For what it's worth though, the quality and finish on their rigging is the best I have ever seen. The wiring alone is a work of art.


----------



## Stuart (May 21, 2004)

Yeah, the package pricing is such to where it made sense for me to go with the e-tec. I looked at buying a boat without power, and buy my e-tec from my local dealer to give him a little business, but he couldn't come within a grand of the price. I was willing to pay a couple hundered more to buy the motor right down the street, but not a grand more. I even looked at buying a 50 Yamaha two stroke from a place like Ed's Superstore, but once I paid for shipping and the tiller setup, the price was the same as the e-tec.


----------



## allrockport (Jun 6, 2005)

Just got the quote back from Jim at beavertail. The 40tldi is the exact same cost as the 40 etec. Got some thinking to do. Jim said that they think that the 40tldi with the 15" shaft would not be a problem. I think they said they are going to try that combo out. I can save a grand on the getting the motor put on here but really want to make sure there will not be any problems with that setup. Going to test the demo boat in corpus in the next week or 2. Will keep you posted. Thank's,

PLOZO


----------



## Stuart (May 21, 2004)

That 15" Tohatsu could be a pretty neat setup. Same weight as the 50. Might as well go for the gusto.


----------



## SHOALWATER TV (Apr 8, 2008)

How are those boats running across an open bay with a one -one 1/2 foot chop?


----------



## Stuart (May 21, 2004)

SHOALWATER TV said:


> How are those boats running across an open bay with a one -one 1/2 foot chop?
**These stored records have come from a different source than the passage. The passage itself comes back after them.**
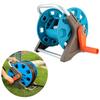 Lightweight Garden Garden Trolley Sturdy Hose Trolley Durable Garden Trolley  Car Wash Use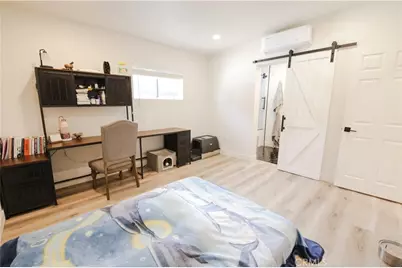 1322 Campus, Redlands, CA 92374 - Photo 16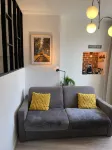 Breuil Station Hotels in Corps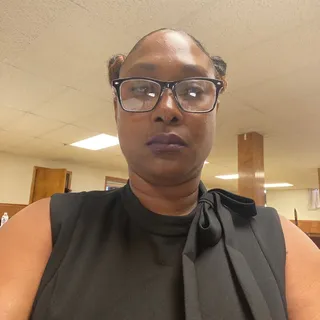 Makeda J.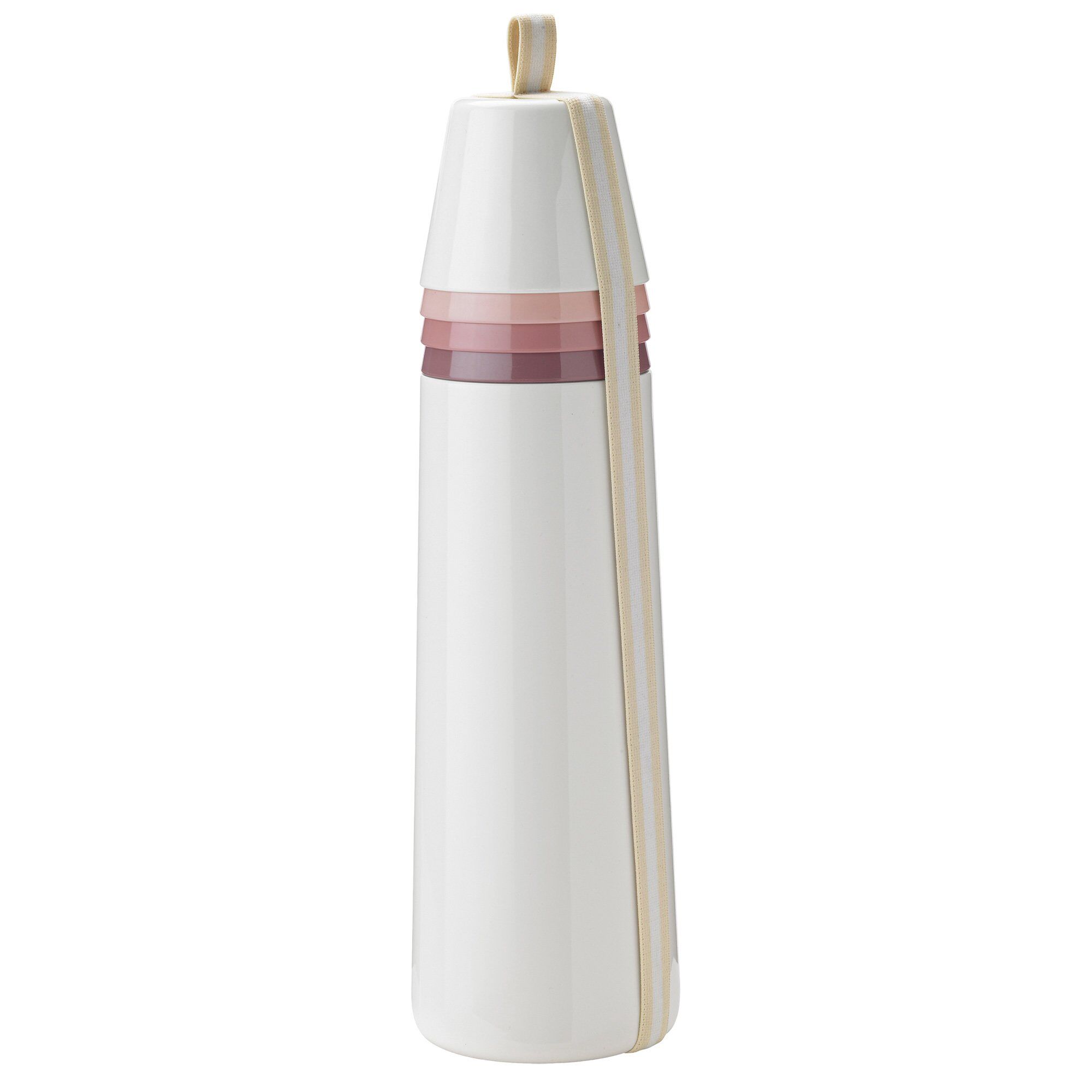 Rig-tig Picnic Termoflaske Med   Kopper    Liter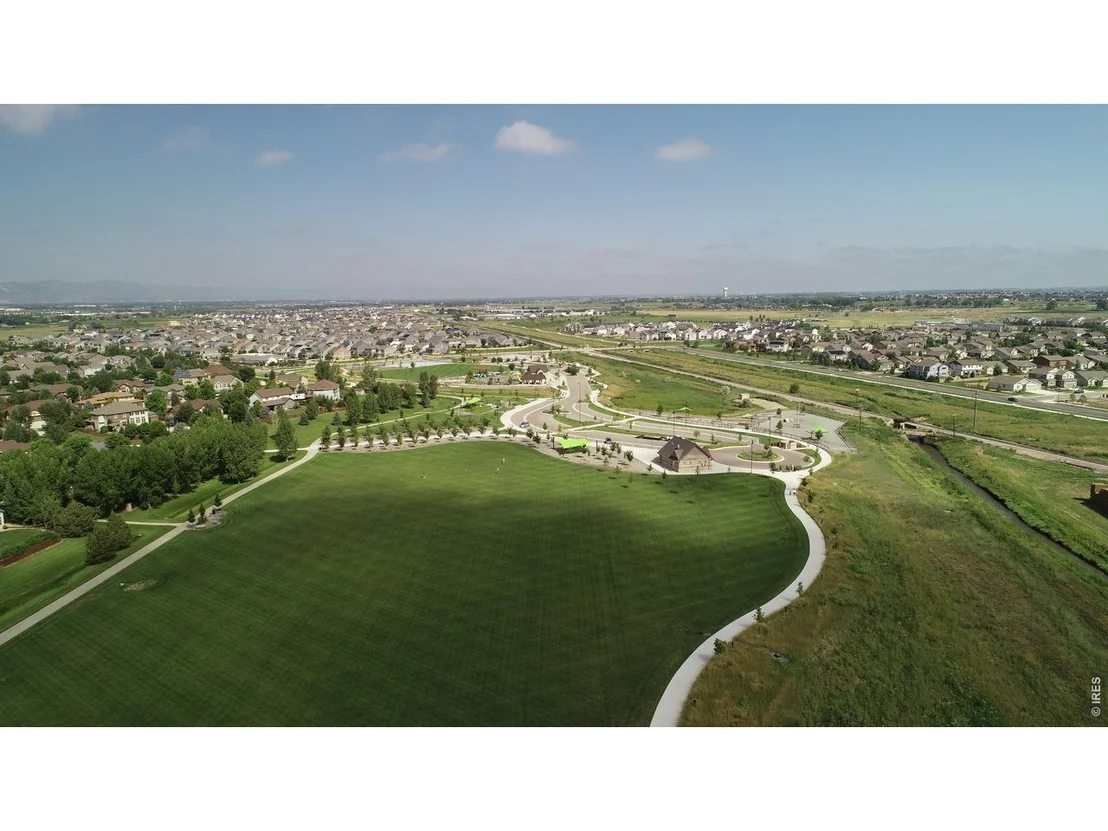 Photo of Unit 201 at 6793 Maple Leaf Dr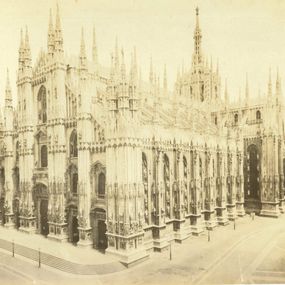 null - Il Duomo di Milano
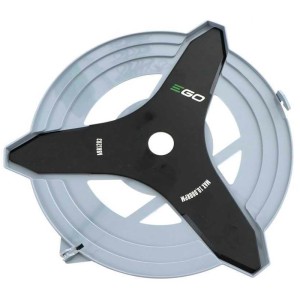 Battery brushcutter Ego Power BC3800E 38 cm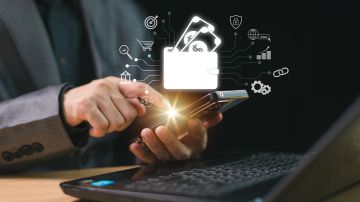 Los bancos en Estados Unidos ofrecen bonificaciones por abrir cuentas.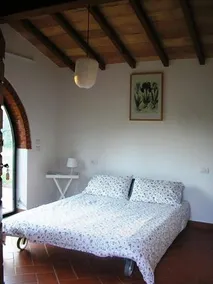 La Casetta Tra Gli Ulivi - Image 4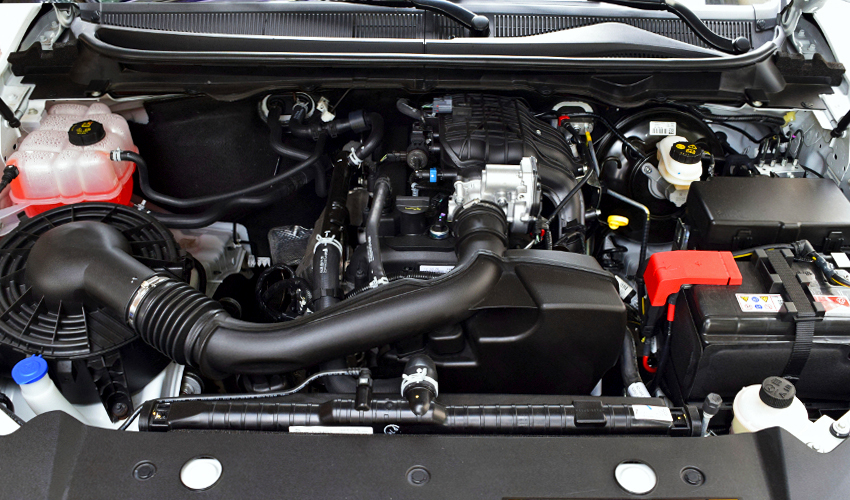 Quanto Custa Retificar um Motor do Ford Ranger 2.3 2.5 2.8 Turbo Diesel Gasolina Flex Xlt 16v 3.0 3.2 4.0 V6 Valores Preço Orçamento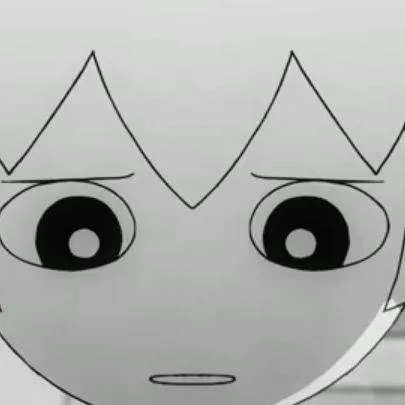 chat with ai character: Nick adolescente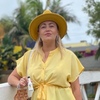 Irina, 47, Kazan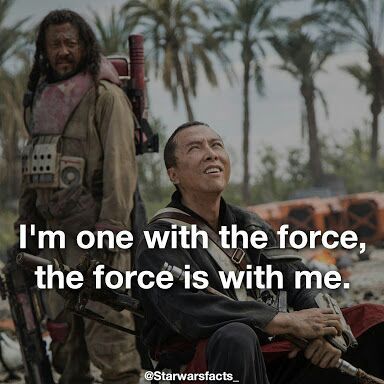 8024c5ebda8bde87428ba70d56a092a92b12d236_hq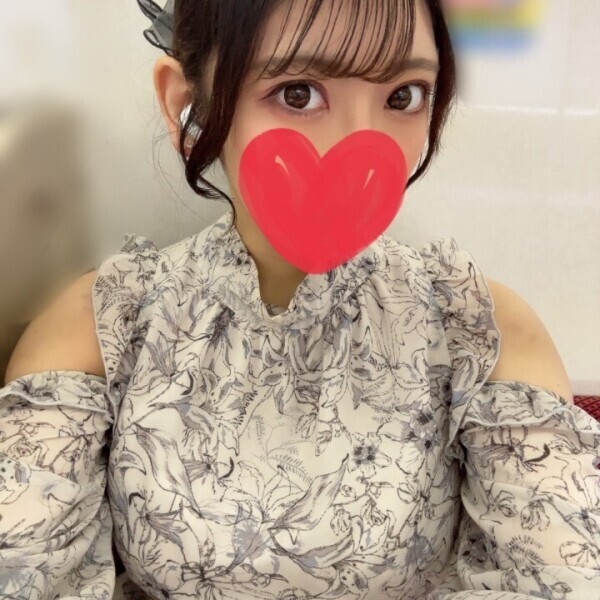 元気チャージしにきて💓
Like a 500 lb hull running across an open bay.  Seriously though, they do surprisingly well, if you drive sensibly. I don't like tearing my stuff or my back up, so I slow down in the ruff stuff. Put the bow down with the tabs and it goes along pretty good. Completely dry running straight into a chop.


----------



## Gottagofishin (Dec 17, 2005)

One to one and a half foot chop is no problem at all. 2' -2.5' chop is fine, but you need to have it trimmed right. 

I've been through 3.5 footers and it's a rodeo, but I made it home.


----------



## TooShallow (May 21, 2004)

Ok, Yammie (4 stroke) vs. E-tec. Mystery solved. I must of missed that in your first post.


----------